Credit: Linda Bartlett
Adding the alkylating agent cyclophosphamide to treatment with a monoclonal antibody (mAb) can overcome drug resistance in mice with acute lymphoblastic leukemia (ALL), researchers have reported in Cell.
mAbs such as rituximab and alemtuzumab are designed to bind to proteins found on the surfaces of tumor cells.
Once the mAbs flag the tumor cells, macrophages destroy them. But the drugs have little effect on tumor cells that hide out in the bone marrow.
Experiments in mice with B-cell ALL revealed that cyclophosphamide stimulates the immune response in bone marrow, eliminating the reservoir of cancer cells that can produce new tumors after treatment with a mAb.
Finding hidden ALL cells
Michael Hemann, PhD, of MIT’s Koch Institute for Integrative Cancer Research in Cambridge, Massachusetts, and his colleagues began this research by administering alemtuzumab to the mice.
The drug successfully cleared most ALL cells, but some remained hidden in the bone marrow, which has been identified as a site of drug resistance in many cancers.
The researchers found that, within the bone marrow, alemtuzumab successfully binds to ALL cells. But macrophages do not attack the cells due to the presence of lipid compounds called prostaglandins, which repress macrophage activity.
Scientists believe the bone marrow naturally produces prostaglandins to help protect the immune cells maturing there. Tumor cells that reach the bone marrow can exploit this protective environment to aid their own survival.
The finding is an important contribution to scientists’ understanding of how mAbs act against ALL, according to Ravi Majeti, MD, PhD, of Stanford University in California, who was not involved in this research.
“There clearly has been a lack of understanding about why antibody therapies have been relatively unsuccessful as monotherapies,” Dr Majeti said.
Tricking the immune system
Dr Hemann and his colleagues then tested a variety of anticancer drugs in combination with alemtuzumab.
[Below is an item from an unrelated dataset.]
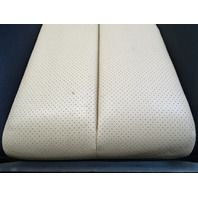 01 Mercedes R170 SLK320 seat cushion, right, back, black-siam beige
And they discovered that cyclophosphamide can “rewire” the bone marrow microenvironment to make it much more receptive to macrophages, allowing them to destroy the tumor cells hiding there.
“After you treat with cyclophosphamide, you get this flux of macrophages into the bone marrow, and these macrophages are now active and very capable of consuming the targeted tumor cells,” Dr Hemann said.
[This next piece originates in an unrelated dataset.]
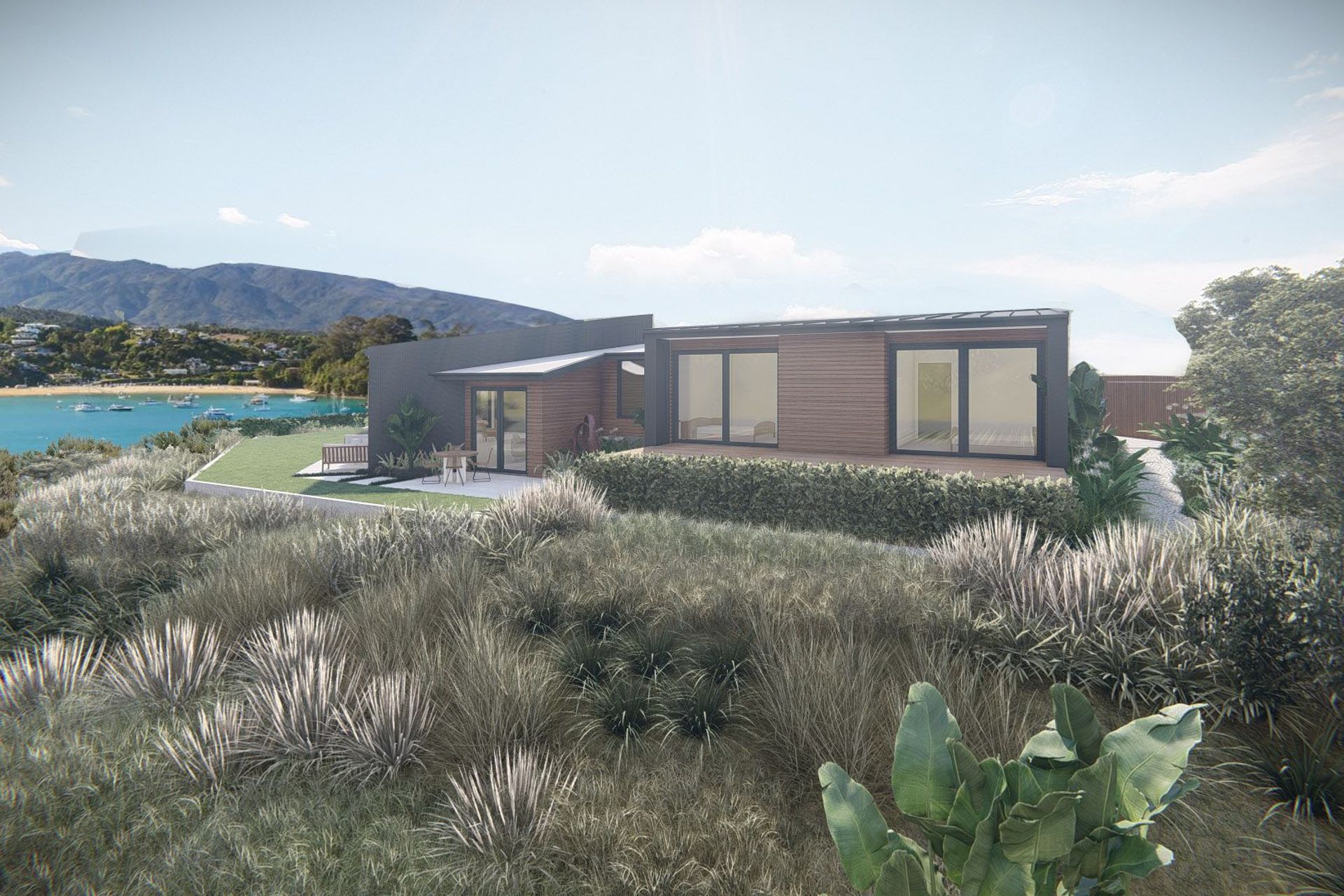 Kaiteriteri House, Tasman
“Essentially, we are tricking the immune system to suddenly recognize an entity that it wouldn’t typically recognize and aggressively go after antibody-bound tumor cells.”
Following treatment with this combination, the mice survived and remained free of ALL for the duration of the study, which was about 18 months.
However, the researchers found that timing of drug delivery was critical. Alemtuzumab and cyclophosphamide must be administered together so that cyclophosphamide can create the right type of environment for macrophages to become activated in the bone marrow.
The team also obtained good results by combining cyclophosphamide with rituximab.
They now plan to test cyclophosphamide with other mAbs and begin testing the alemtuzumab-cyclophosphamide combination in patients.